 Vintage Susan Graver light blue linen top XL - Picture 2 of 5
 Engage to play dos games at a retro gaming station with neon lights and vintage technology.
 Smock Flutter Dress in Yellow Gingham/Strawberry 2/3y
◆ ◆ ◆ ◆ ◆
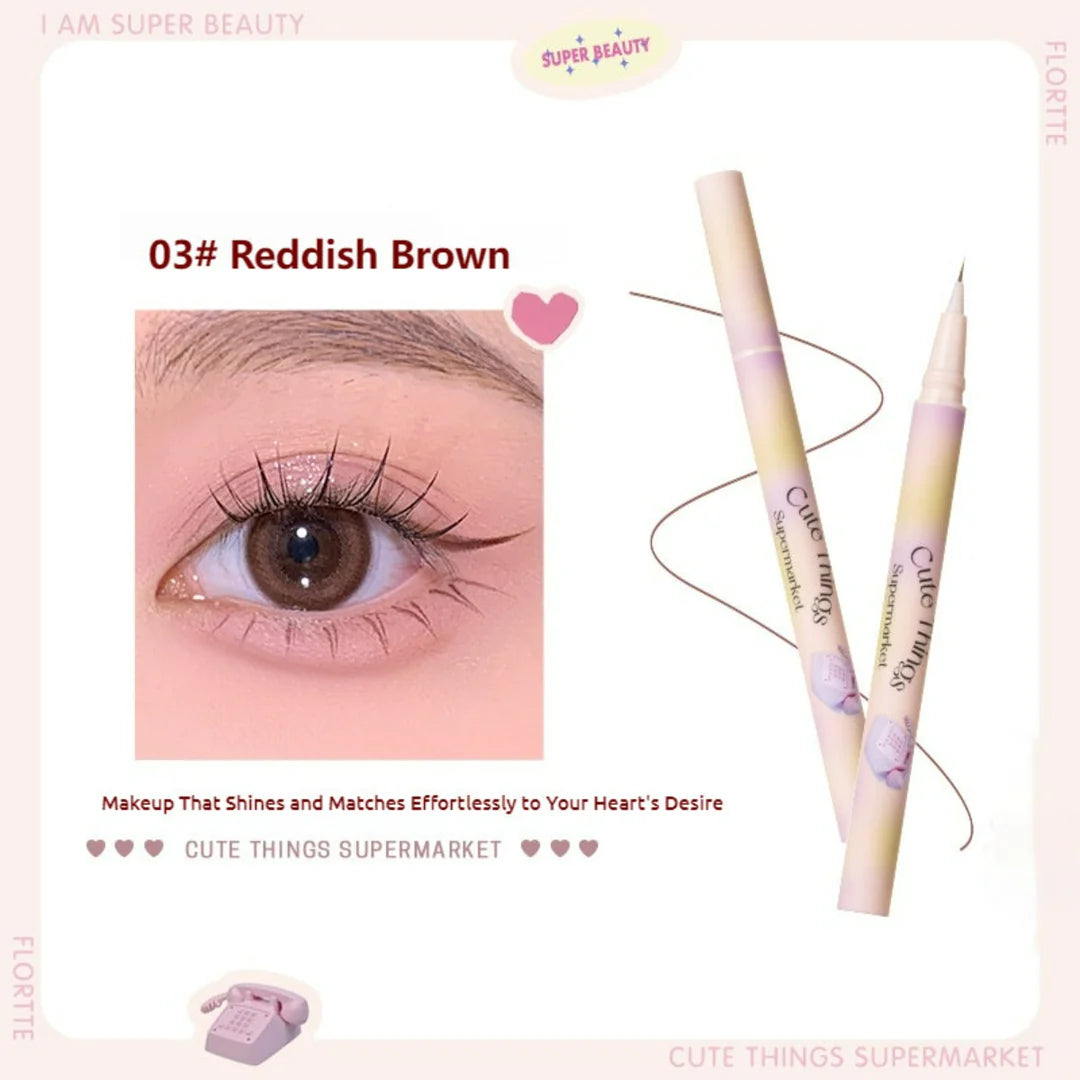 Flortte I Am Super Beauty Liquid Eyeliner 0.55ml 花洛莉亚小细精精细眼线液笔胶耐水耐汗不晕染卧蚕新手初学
◆ ◆ ◆ ◆ ◆
• **Requirement**
Output, from the data above, the lines from the line with "Vintage Susan Graver" to the line with "Smock Flutter Dress" exactly as they stand, both ends included and nothing else.

• **Result for this exercise**
 Vintage Susan Graver light blue linen top XL - Picture 2 of 5
 Engage to play dos games at a retro gaming station with neon lights and vintage technology.
 Smock Flutter Dress in Yellow Gingham/Strawberry 2/3y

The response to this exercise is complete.